◆ **Task objective**: Go to the line holding "Modern Brand Identity" in the data below and repeat it exactly, then each line after it up to and including the one holding "Cachorro LATINDO Pinscherpinscher". Omit pictures.

◆ **Supplied records**:

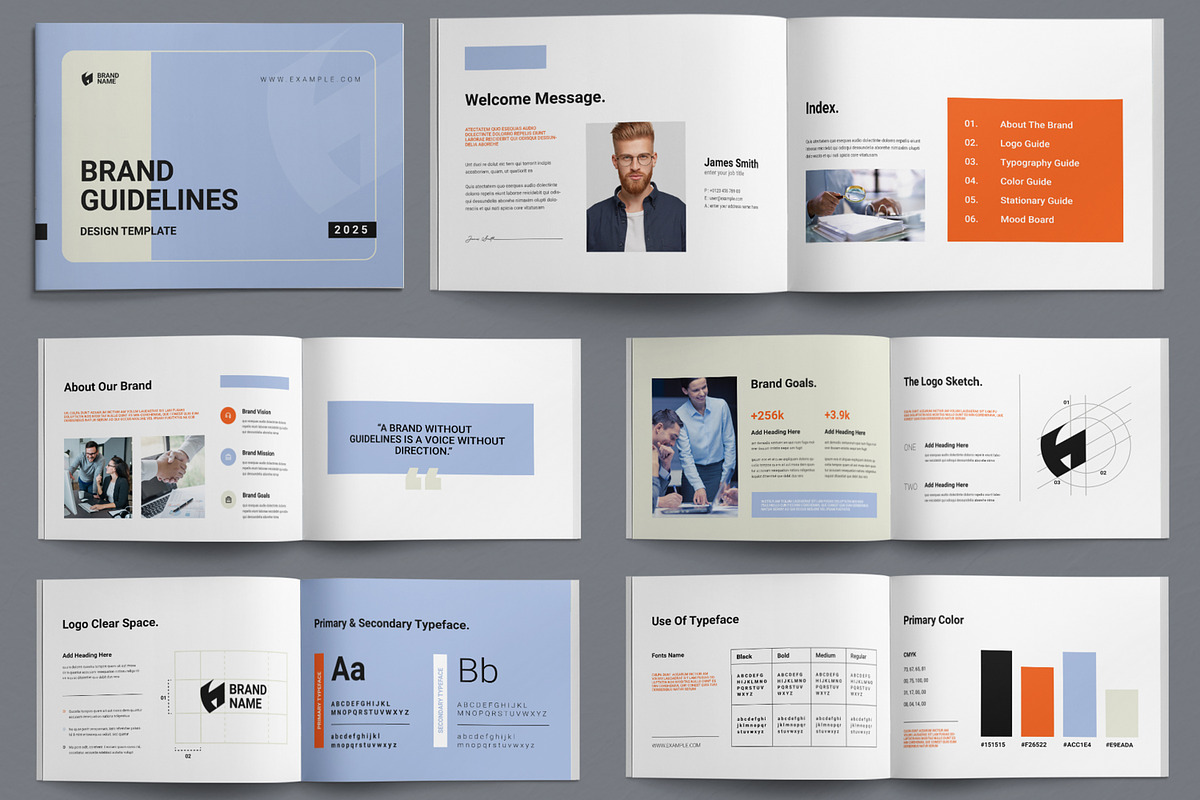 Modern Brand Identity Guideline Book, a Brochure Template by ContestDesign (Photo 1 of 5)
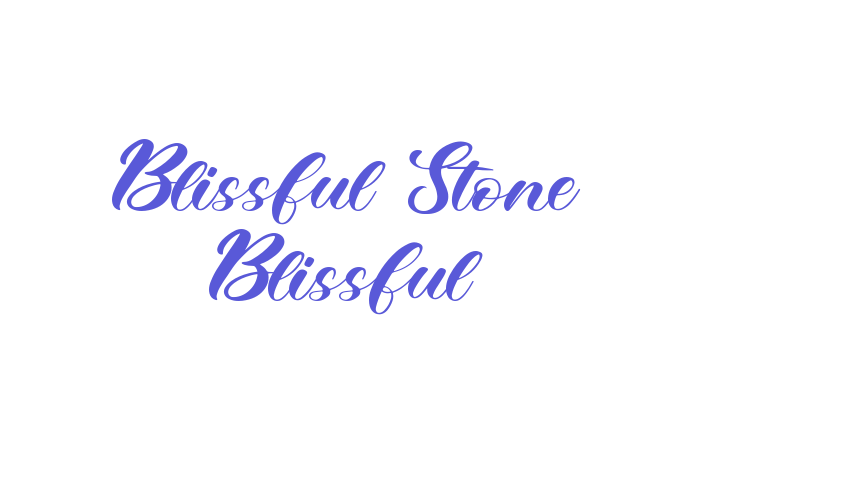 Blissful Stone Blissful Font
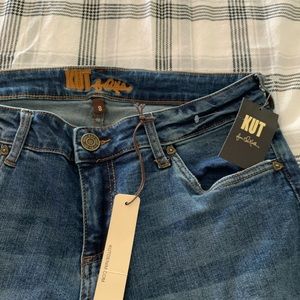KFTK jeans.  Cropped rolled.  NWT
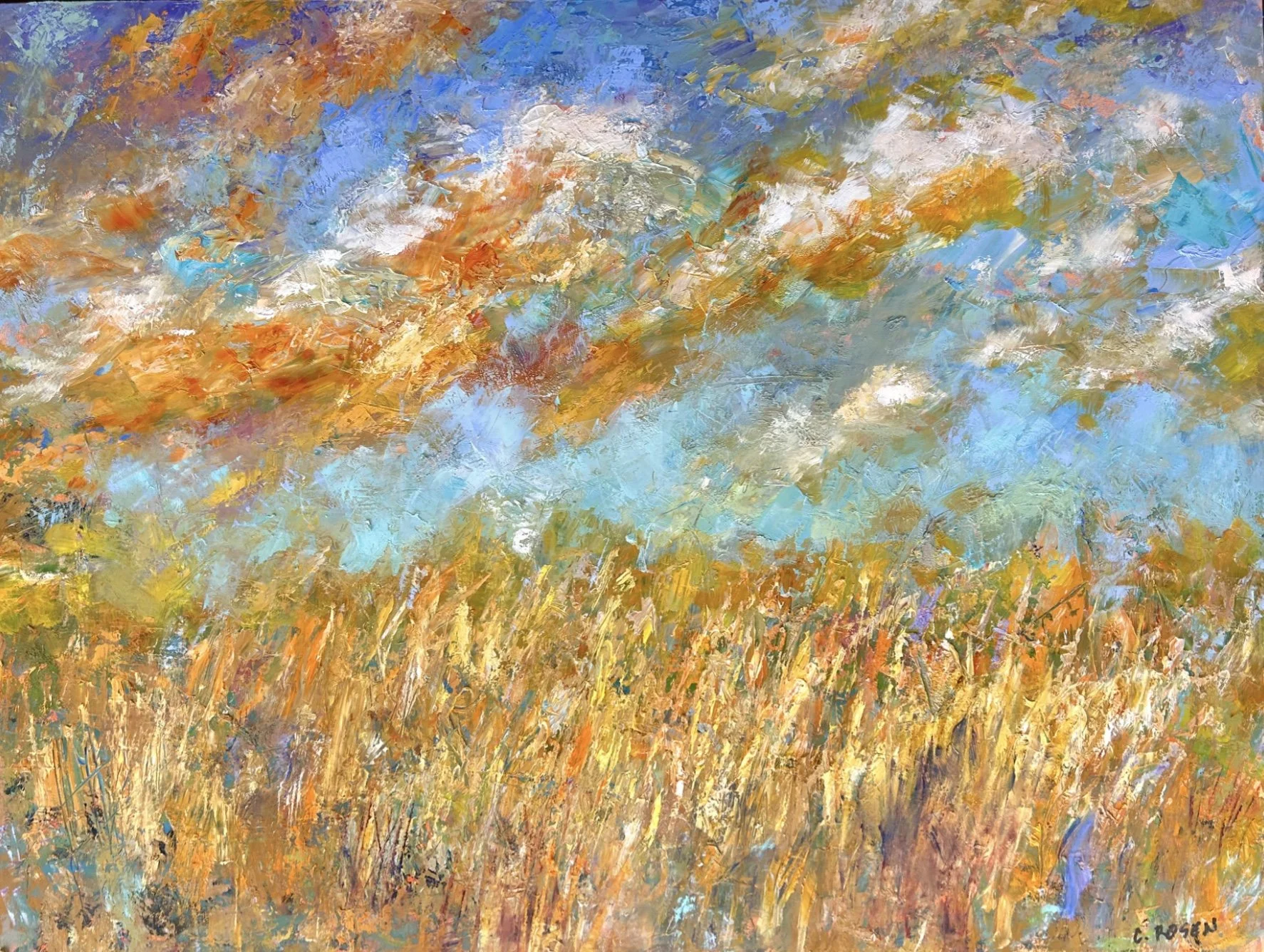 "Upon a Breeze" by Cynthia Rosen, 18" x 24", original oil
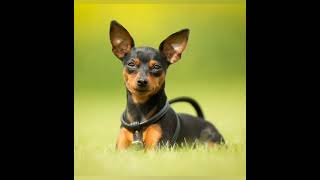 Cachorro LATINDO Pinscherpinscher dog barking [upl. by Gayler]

---

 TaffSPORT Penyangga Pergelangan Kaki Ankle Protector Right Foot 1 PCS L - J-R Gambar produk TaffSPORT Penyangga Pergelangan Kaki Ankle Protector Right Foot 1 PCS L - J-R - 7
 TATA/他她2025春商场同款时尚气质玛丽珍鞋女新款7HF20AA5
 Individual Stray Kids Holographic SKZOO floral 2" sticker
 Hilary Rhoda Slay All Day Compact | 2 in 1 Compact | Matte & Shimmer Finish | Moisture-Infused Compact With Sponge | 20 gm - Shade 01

◆ **Result of this task**:
 Modern Brand Identity Guideline Book, a Brochure Template by ContestDesign (Photo 1 of 5)
 Blissful Stone Blissful Font
KFTK jeans.  Cropped rolled.  NWT
 "Upon a Breeze" by Cynthia Rosen, 18" x 24", original oil
 Cachorro LATINDO Pinscherpinscher dog barking [upl. by Gayler]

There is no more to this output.